La période trouble est passée et afin de renouer le lien avec leur clientèle, d’ouvrir en toute transparence leurs exploitations et partager leur amour de la mer, les conchyliculteurs de Tamaris proposent de redécouvrir leur savoir-faire ce week-end. Samedi et dimanche, de 10h à 14h, ils seront présents dans leurs Mas pour faire découvrir leur métier et partager leur travail autour des coquillages. Les visiteurs pourront déguster sur place les coquillages en compagnie des conchyliculteurs. Assiette de 6 huîtres – 12 €
Les conchyliculteurs de Tamaris : Aqua Seb Production (Sébastien Pasta), Coquillages du Sud (Martial Hourdequin), Coquillages Giol (Jean-Christophe Giol), Coquillages Gagnot (Julien Gagnot), L’Authentik de Tamaris (Yannick Le Corre), les Loups d’Or (Jérémy Vantouroux), Pierre et le Loup (Pierre Balmitgere et Benoît Verron).

Marseille

Boca Boissons et Jero Wines participeront au Sirha Méditerranée 2026, qui se tiendra du 15 au 17 mars au parc Chanot à Marseille. Les deux entreprises disposeront d’un espace d’exposition de 48 m², pensé pour accueillir les visiteurs dans un cadre convivial et propice aux échanges. Cet espace permettra de mettre en avant une sélection de vins et spiritueux, tout en offrant aux visiteurs l’opportunité de découvrir de nouvelles références. Les visiteurs pourront également profiter de déjeuners animés par des chefs reconnus, venant accompagner les dégustations et enrichir les échanges avec les prospects et clients présents sur le stand.

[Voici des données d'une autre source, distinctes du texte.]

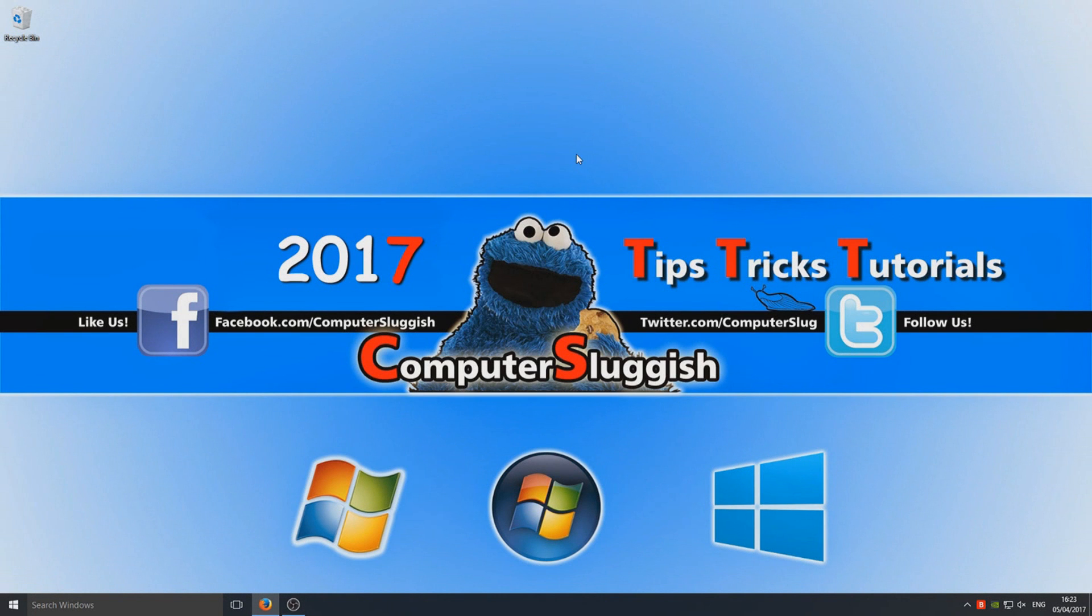Hello and welcome back to another Computer Sluggish tutorial. Today I'm going to show you how to stop those buffering issues on Kodi, or pretty much most of them anyway.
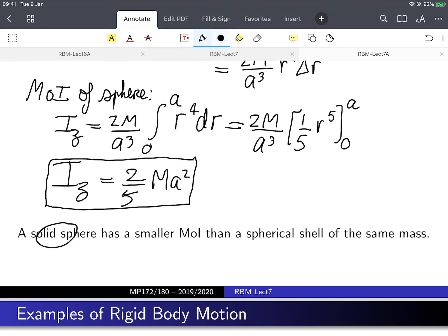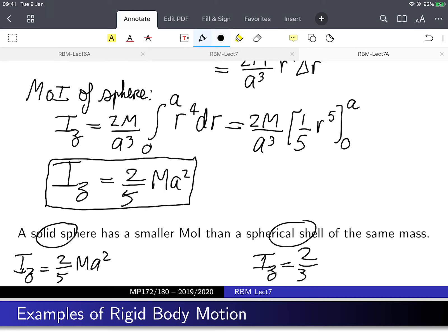So the solid sphere gives 2/5 ma squared, which is less than 2/3 ma squared for the spherical shell. It makes sense: for the shell, all the mass is at distance a, whereas in the solid sphere, some mass is at distance a but much of it is at distances smaller than a, reducing the moment of inertia.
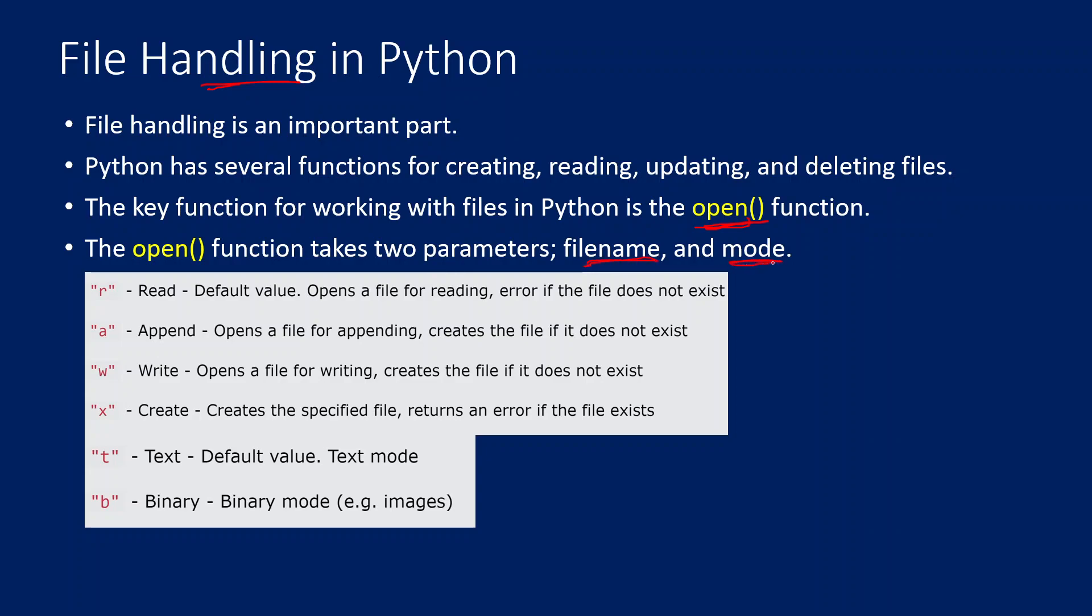One is filename and another one is mode. The filename will tell you which file to open and the mode will tell you whether I am opening this file to perform the read, write, or delete. Or maybe I want to create a new file completely. So this mode is going to define that.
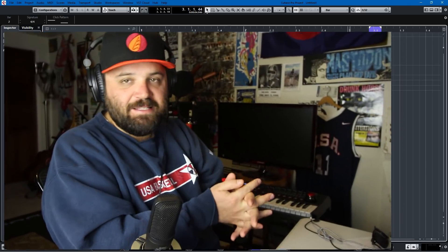So that basically covers all of the new functionality of the click track in Cubase 9.5. I hope you've found this video useful — if you have, feel free to like or subscribe. Take care of yourselves everyone, I'll catch you in the next one. Peace!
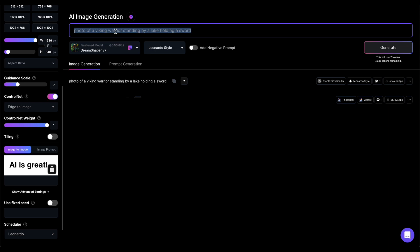To demonstrate, I'll use an image containing just a text, which is AI is great. In my prompt, I'll simply input BrickWall.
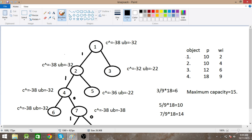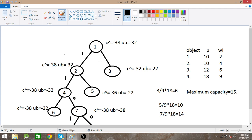Now I check: if I don't consider the first element, what will the upper bound be? If I don't take this 10, I take the second, third, and fourth — that exceeds capacity, so profit is 10 plus 12 equals 22. Considering the fractional part, I take 5 weight from the fourth element: 5/9 times 18 equals 10, so 22 plus 10 equals 32. So if I don't take the first element, upper bound is minus 22 and least cost is minus 32.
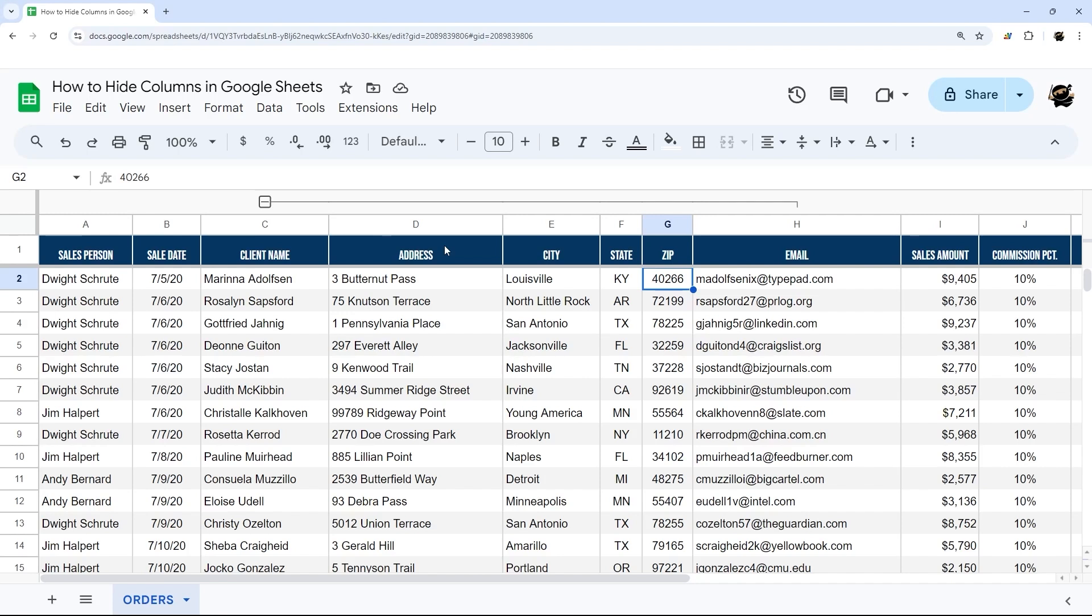One thing with hiding columns or rows when you're dealing with a group is you will have to have those hidden sections outside of that group.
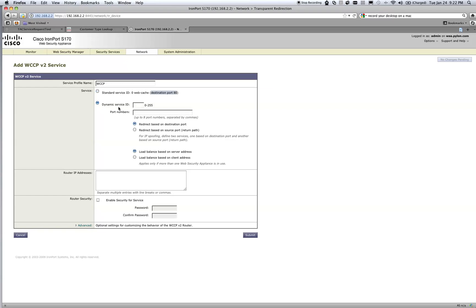We're going to select a dynamic service ID. Here at IronPort we recommend 90 through 97, so I'm going to input 90. I'm also going to input ports 80 and 443. Just be aware: when you add 443 and redirect 443 on your ASA, you're definitely going to want to make sure that you enable the HTTPS proxy — that will be covered in another video.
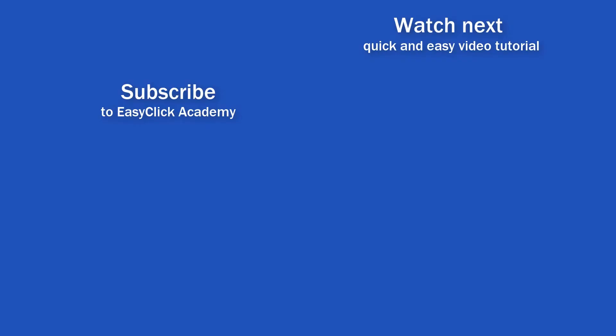If you've found this video helpful, like us and subscribe to receive more videos from EasyClick Academy. Learn more from tutorials that help you use Excel quick and easy. See you in the next video.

Ces moments conviviaux permettront de favoriser les rencontres et de valoriser les vins et spiritueux présentés. À travers cette présence au salon, les deux entreprises souhaitent mettre en lumière leurs partenaires et valoriser les domaines sélectionnés, dans un environnement professionnel à la fois qualitatif et ciblé.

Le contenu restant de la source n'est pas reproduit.